Pilot study for the standardization of insulin immunoassays with isotope dilution liquid chromatography/tandem mass spectrometry.

BACKGROUND An international working group convened by the American Diabetes Association (ADA) called for a reference measurement procedure for use in a trueness-based standardization project of insulin immunoassays. In view of this demand, we conducted a pilot study to investigate the feasibility of such a standardization project with our isotope dilution-liquid chromatography/tandem mass spectrometry (ID-LC/tandem MS) procedure. METHODS We evaluated the precision, accuracy, and limit of quantification (LoQ) of the ID-LC/tandem MS procedure by use of insulin-free serum supplemented with insulin to give 3 pools with concentrations of 0.0796, 0.769, and 5.56 microg/L. We conducted a pilot method comparison study with 4 immunoassays and 80 samples from fasting and glucose-stimulated patients.

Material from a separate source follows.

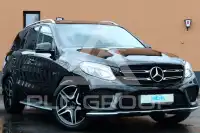 2016 Mercedes Benz GLE 43 AMG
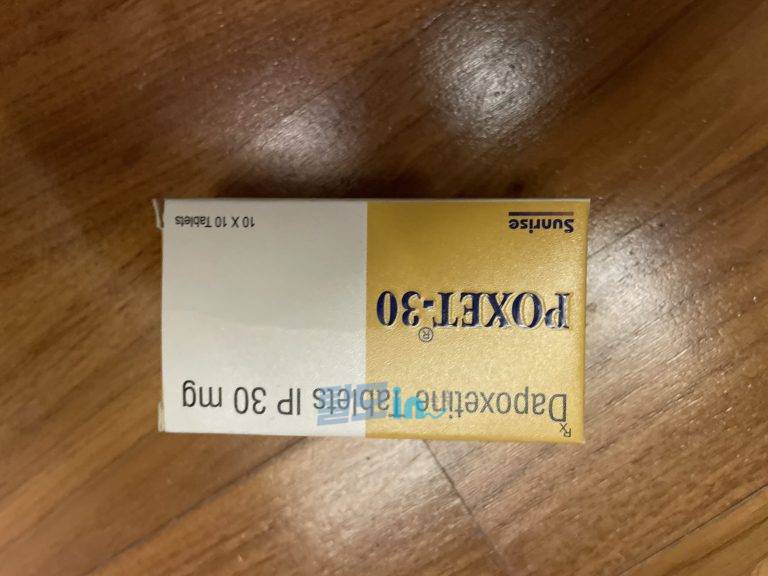 포셋 30mg 100정 photo review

RESULTS The within-run and total imprecision (CV) ranged from 3.2% to 6.3% and from 4.9% to 12.1% (listing sequence from the high to the low pool). The recovery from supplemented insulin-free sera ranged from 101.8% to 104.1%, and the LoQ was 0.07 microg/L (12 pmol/L). Weighted Deming regression and correlation analysis of the method-comparison data showed considerable between-assay variation for the immunoassays but, with the exception of one assay, excellent correlation with ID-LC/tandem MS. Recalibration of the immunoassay results considerably reduced the between-assay variation. Moreover, after recalibration, 3 of the 4 assays fulfilled the total error specification of 32% proposed by the ADA Workgroup. CONCLUSIONS Recalibration of insulin assays by regression equations established from method comparison with ID-LC/tandem MS can result in successful standardization and fulfillment of the total error criterion proposed by the ADA Workgroup.